- _Exercise description_
Except for the images, repeat the entries below word for word.

━━━━━ Provided records

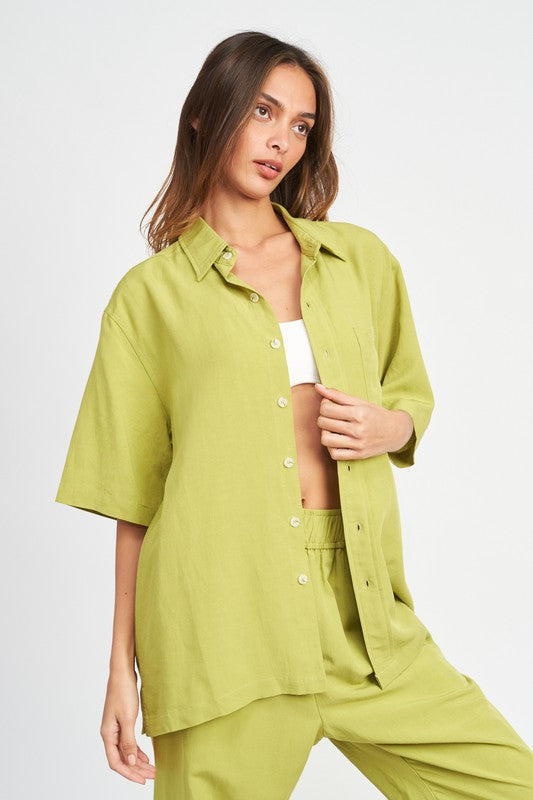 BUTTON UP OVERSIZED SHORT SLEEVE SHIRT - Evolve Elegance Boutique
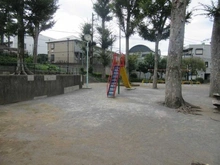 【東京都/板橋区小茂根】プラウドシティ小竹向原 フロントコート棟 小茂根公園（現地より約300m）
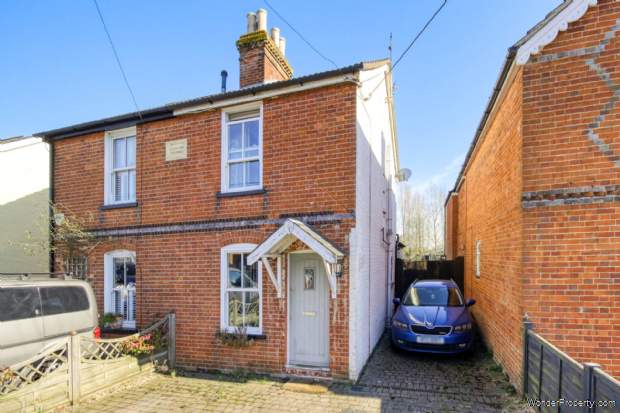 2 bedroom Semi Detached for sale in Bracknell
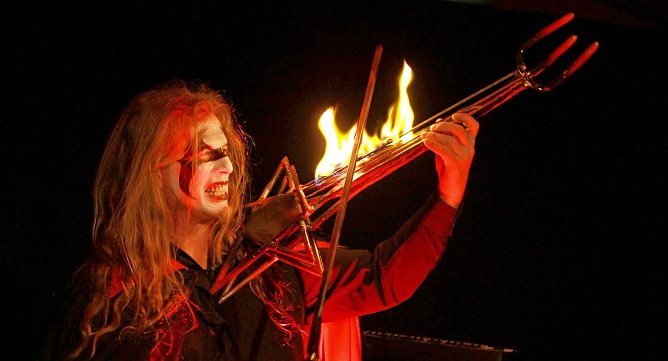 faust (Foto: HSB/Matthias Bein) faust (Foto: HSB/Matthias Bein)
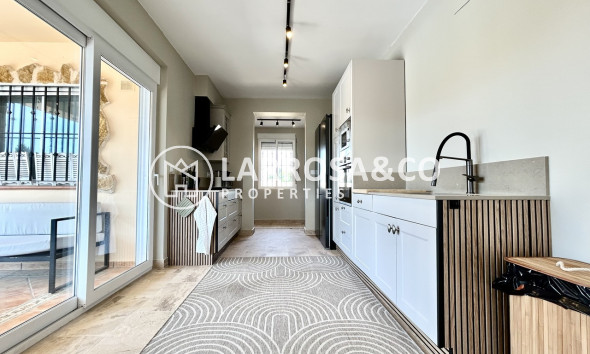 Resale - Detached House/Villa - La Zenia - Costa Blanca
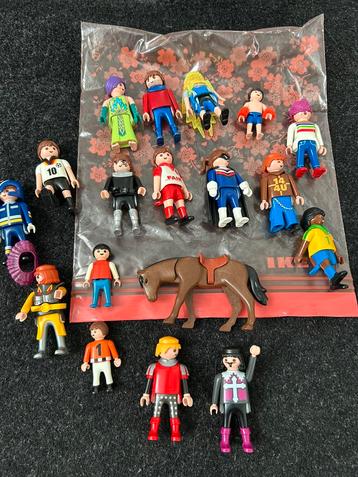 Playmobil poppetjes  beschikbaar voor biedingen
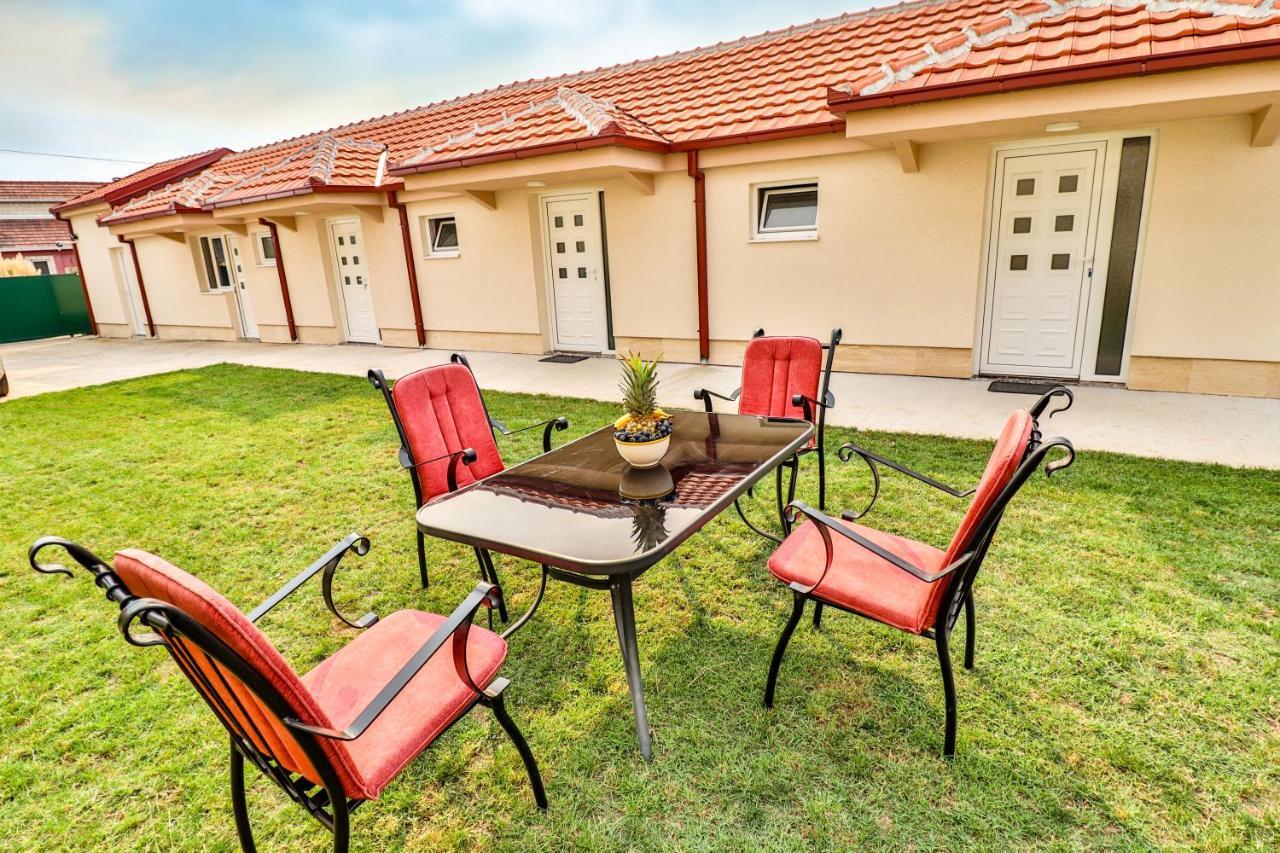 Simo Apartments Airport Podgorica Exterior photo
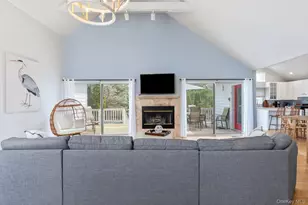 12 Douglas Ct, Hampton Bays, NY 11946 - Photo 6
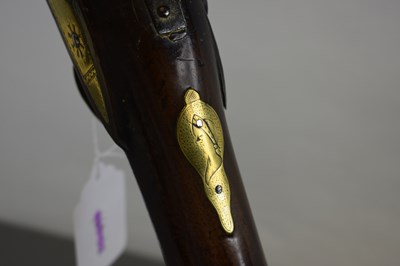 Lot 186 - A LATE 17TH CENTURY BRASS BARRELLED FLINTLOCK BLUNDERBUSS BY JOHN HOSEY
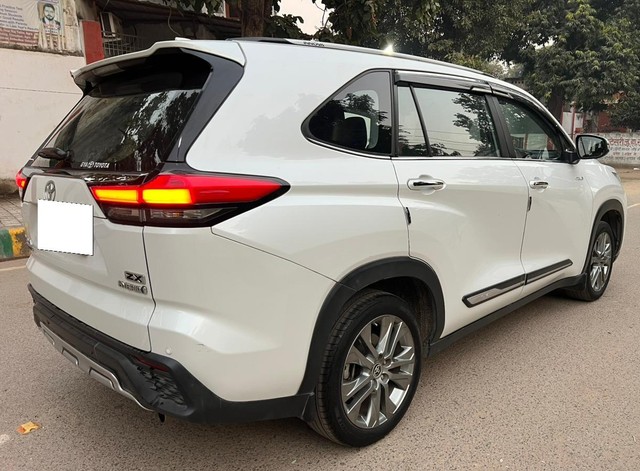 Second-hand 2024 Toyota Innova Hycross ZX Hybrid for sale in Agra-2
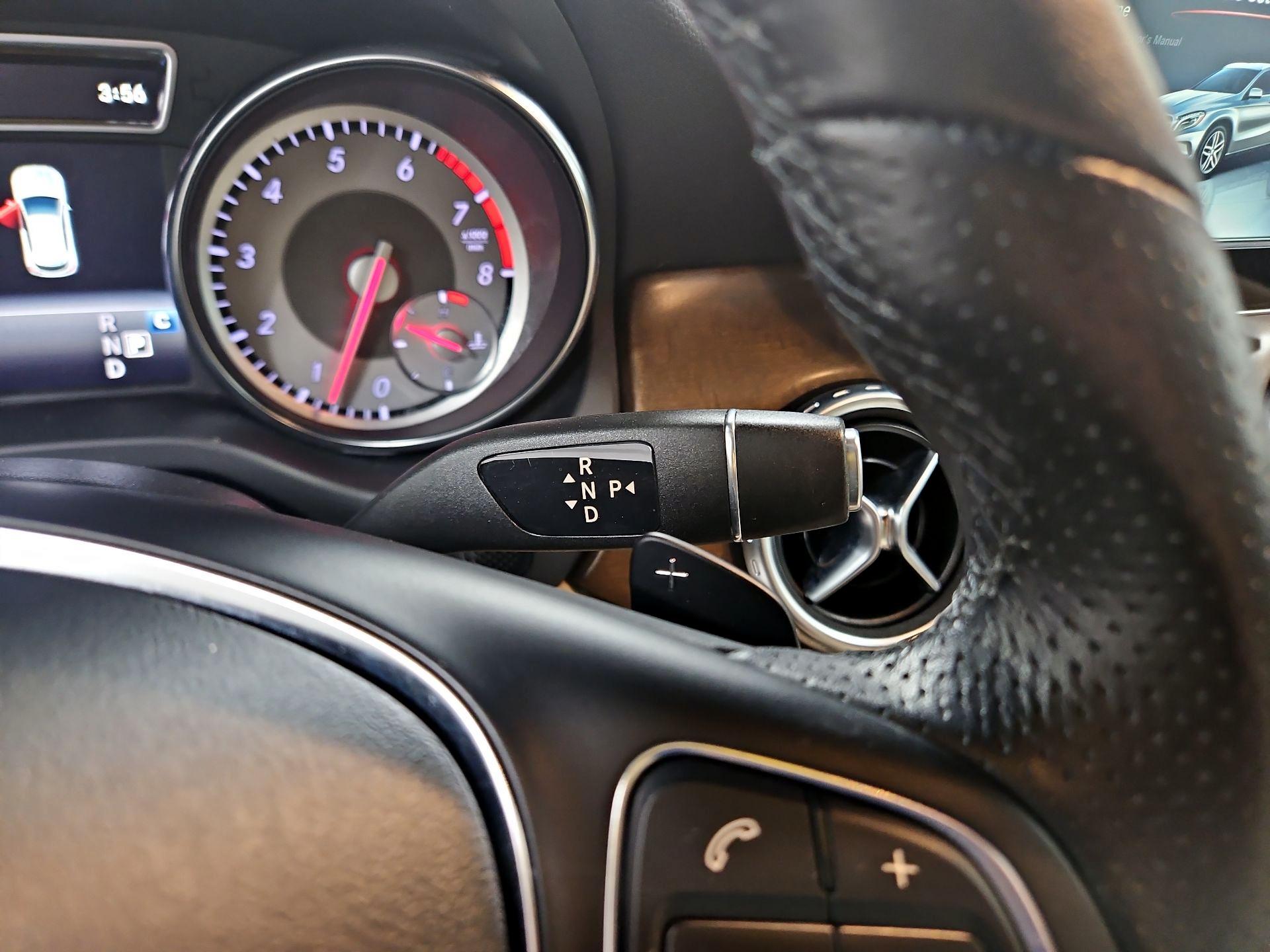 Thumbnail: 2017 Mercedes-Benz GLA - 18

━━━━━━━━━━

- _Output of the task_
 BUTTON UP OVERSIZED SHORT SLEEVE SHIRT - Evolve Elegance Boutique
 【東京都/板橋区小茂根】プラウドシティ小竹向原 フロントコート棟 小茂根公園（現地より約300m）
 2 bedroom Semi Detached for sale in Bracknell
 faust (Foto: HSB/Matthias Bein) faust (Foto: HSB/Matthias Bein)
 Resale - Detached House/Villa - La Zenia - Costa Blanca
 Playmobil poppetjes  beschikbaar voor biedingen
 Simo Apartments Airport Podgorica Exterior photo
 12 Douglas Ct, Hampton Bays, NY 11946 - Photo 6
 Lot 186 - A LATE 17TH CENTURY BRASS BARRELLED FLINTLOCK BLUNDERBUSS BY JOHN HOSEY
 Second-hand 2024 Toyota Innova Hycross ZX Hybrid for sale in Agra-2
 Thumbnail: 2017 Mercedes-Benz GLA - 18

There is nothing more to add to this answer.